Recorded data:
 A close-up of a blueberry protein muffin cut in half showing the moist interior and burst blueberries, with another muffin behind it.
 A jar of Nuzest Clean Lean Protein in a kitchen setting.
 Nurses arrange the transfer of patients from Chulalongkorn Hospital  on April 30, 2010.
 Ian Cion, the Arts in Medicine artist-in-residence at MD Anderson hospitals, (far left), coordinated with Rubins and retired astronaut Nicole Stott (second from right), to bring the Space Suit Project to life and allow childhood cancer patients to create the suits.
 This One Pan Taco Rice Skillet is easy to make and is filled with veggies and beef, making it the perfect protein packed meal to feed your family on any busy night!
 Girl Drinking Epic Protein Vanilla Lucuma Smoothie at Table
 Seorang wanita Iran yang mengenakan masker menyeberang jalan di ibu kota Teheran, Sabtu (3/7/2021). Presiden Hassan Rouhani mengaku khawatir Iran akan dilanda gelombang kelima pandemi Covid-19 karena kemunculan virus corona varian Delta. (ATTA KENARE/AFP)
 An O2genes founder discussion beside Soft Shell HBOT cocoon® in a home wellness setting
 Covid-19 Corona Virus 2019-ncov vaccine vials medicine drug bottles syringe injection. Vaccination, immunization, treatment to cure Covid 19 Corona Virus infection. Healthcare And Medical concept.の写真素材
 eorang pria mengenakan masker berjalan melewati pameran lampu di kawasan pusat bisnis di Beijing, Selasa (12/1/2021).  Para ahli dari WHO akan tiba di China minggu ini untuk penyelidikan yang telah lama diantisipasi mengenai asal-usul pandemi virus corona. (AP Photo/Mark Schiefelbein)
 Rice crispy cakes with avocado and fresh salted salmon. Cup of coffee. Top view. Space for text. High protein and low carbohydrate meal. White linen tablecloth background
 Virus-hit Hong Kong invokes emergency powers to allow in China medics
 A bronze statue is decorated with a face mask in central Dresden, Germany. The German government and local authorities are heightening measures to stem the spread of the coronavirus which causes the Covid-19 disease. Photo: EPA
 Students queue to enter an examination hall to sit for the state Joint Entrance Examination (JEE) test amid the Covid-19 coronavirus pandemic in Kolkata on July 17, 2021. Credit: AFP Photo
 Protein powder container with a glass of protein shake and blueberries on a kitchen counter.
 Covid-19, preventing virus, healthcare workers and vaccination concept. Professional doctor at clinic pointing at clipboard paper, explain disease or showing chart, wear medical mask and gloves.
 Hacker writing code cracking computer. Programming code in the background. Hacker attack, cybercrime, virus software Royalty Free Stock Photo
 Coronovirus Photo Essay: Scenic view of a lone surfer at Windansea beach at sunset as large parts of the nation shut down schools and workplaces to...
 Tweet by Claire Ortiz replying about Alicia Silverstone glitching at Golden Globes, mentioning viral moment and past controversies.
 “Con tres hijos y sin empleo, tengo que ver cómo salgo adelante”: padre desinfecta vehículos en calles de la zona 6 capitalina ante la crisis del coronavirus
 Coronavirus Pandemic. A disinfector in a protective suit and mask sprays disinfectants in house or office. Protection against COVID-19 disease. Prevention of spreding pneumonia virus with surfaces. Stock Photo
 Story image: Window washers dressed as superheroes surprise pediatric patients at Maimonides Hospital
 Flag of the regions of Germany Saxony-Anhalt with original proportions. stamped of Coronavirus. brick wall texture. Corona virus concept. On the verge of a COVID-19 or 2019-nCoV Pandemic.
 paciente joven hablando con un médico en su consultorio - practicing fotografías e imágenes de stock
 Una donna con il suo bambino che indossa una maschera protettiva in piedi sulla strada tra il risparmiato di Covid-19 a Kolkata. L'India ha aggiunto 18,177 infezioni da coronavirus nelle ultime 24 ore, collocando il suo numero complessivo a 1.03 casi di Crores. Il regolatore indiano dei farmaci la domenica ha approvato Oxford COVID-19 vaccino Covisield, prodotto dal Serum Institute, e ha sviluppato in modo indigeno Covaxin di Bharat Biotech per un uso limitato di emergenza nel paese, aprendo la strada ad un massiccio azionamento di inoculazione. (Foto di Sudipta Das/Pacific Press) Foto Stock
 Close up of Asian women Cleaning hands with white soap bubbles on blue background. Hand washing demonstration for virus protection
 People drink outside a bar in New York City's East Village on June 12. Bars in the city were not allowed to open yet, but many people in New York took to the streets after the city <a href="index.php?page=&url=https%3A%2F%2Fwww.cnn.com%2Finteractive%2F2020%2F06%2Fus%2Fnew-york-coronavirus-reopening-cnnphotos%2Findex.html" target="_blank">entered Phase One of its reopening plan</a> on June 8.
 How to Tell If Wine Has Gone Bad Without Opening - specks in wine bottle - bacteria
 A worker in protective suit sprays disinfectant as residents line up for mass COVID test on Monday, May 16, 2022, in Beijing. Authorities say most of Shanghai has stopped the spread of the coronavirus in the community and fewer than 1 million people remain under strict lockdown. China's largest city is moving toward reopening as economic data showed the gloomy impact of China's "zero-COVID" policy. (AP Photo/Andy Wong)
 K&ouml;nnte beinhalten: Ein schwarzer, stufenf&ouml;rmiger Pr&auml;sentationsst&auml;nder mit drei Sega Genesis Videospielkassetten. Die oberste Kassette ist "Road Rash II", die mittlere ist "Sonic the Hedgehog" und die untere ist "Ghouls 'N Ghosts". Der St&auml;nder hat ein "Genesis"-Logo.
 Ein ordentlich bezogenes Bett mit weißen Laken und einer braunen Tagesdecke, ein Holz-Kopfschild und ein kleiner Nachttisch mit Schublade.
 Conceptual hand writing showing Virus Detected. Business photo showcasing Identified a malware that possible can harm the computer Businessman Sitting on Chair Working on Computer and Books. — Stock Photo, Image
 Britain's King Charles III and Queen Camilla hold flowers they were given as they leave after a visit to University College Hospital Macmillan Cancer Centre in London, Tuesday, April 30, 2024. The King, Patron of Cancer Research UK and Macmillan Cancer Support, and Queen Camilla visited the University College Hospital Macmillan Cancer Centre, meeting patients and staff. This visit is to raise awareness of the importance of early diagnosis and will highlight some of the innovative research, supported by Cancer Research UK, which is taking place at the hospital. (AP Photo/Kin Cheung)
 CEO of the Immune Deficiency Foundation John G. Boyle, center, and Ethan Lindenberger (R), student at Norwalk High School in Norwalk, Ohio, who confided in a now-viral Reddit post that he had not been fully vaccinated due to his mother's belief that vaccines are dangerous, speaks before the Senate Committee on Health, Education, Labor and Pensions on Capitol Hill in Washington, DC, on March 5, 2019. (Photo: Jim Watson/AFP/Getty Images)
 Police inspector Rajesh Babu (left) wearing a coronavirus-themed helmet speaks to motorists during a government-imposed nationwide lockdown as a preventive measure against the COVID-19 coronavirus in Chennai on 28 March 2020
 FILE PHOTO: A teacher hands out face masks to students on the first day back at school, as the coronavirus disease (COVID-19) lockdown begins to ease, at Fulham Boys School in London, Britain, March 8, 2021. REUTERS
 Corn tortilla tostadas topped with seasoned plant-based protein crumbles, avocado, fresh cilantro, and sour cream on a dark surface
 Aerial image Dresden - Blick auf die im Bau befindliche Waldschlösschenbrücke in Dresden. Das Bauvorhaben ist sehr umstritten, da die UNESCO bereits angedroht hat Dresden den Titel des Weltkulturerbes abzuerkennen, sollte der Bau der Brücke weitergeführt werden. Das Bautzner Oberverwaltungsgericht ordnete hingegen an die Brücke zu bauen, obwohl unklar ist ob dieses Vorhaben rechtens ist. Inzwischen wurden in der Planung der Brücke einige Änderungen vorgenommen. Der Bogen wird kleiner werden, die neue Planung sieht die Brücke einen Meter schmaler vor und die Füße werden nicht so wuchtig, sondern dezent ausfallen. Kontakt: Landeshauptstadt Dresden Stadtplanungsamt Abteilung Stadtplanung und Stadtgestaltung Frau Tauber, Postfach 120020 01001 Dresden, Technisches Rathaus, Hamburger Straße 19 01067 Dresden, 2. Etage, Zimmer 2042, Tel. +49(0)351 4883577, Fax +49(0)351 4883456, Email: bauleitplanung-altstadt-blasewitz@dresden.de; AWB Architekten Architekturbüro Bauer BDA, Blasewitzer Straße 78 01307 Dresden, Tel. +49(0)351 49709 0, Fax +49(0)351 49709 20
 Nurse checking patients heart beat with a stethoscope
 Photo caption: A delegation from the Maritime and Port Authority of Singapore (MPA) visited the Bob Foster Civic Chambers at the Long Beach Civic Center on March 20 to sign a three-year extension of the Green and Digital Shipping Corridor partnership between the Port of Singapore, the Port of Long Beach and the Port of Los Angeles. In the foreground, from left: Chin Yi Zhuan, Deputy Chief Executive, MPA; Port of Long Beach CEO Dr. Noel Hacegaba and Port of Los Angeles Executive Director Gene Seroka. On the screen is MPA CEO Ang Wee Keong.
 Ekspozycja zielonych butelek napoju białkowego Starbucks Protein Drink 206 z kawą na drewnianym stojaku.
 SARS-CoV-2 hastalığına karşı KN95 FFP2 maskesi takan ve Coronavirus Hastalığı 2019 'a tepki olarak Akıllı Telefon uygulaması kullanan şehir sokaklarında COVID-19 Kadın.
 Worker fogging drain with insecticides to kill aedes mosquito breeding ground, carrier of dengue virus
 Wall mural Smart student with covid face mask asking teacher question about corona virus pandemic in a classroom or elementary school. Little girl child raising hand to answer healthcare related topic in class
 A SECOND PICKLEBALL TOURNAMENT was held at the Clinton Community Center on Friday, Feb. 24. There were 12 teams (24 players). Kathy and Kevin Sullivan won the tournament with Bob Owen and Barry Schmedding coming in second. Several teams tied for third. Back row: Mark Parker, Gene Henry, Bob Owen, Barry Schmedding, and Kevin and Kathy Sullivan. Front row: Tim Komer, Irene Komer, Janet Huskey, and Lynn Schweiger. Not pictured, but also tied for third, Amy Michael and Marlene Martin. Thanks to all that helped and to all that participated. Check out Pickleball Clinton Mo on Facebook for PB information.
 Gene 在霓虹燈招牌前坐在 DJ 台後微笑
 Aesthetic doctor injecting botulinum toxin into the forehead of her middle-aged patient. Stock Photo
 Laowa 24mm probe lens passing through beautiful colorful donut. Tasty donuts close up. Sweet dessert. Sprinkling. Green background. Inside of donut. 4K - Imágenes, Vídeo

What the task requires:
Would you copy every line of the entries in which "setting" appears?

Answer area:
 A jar of Nuzest Clean Lean Protein in a kitchen setting.
 An O2genes founder discussion beside Soft Shell HBOT cocoon® in a home wellness setting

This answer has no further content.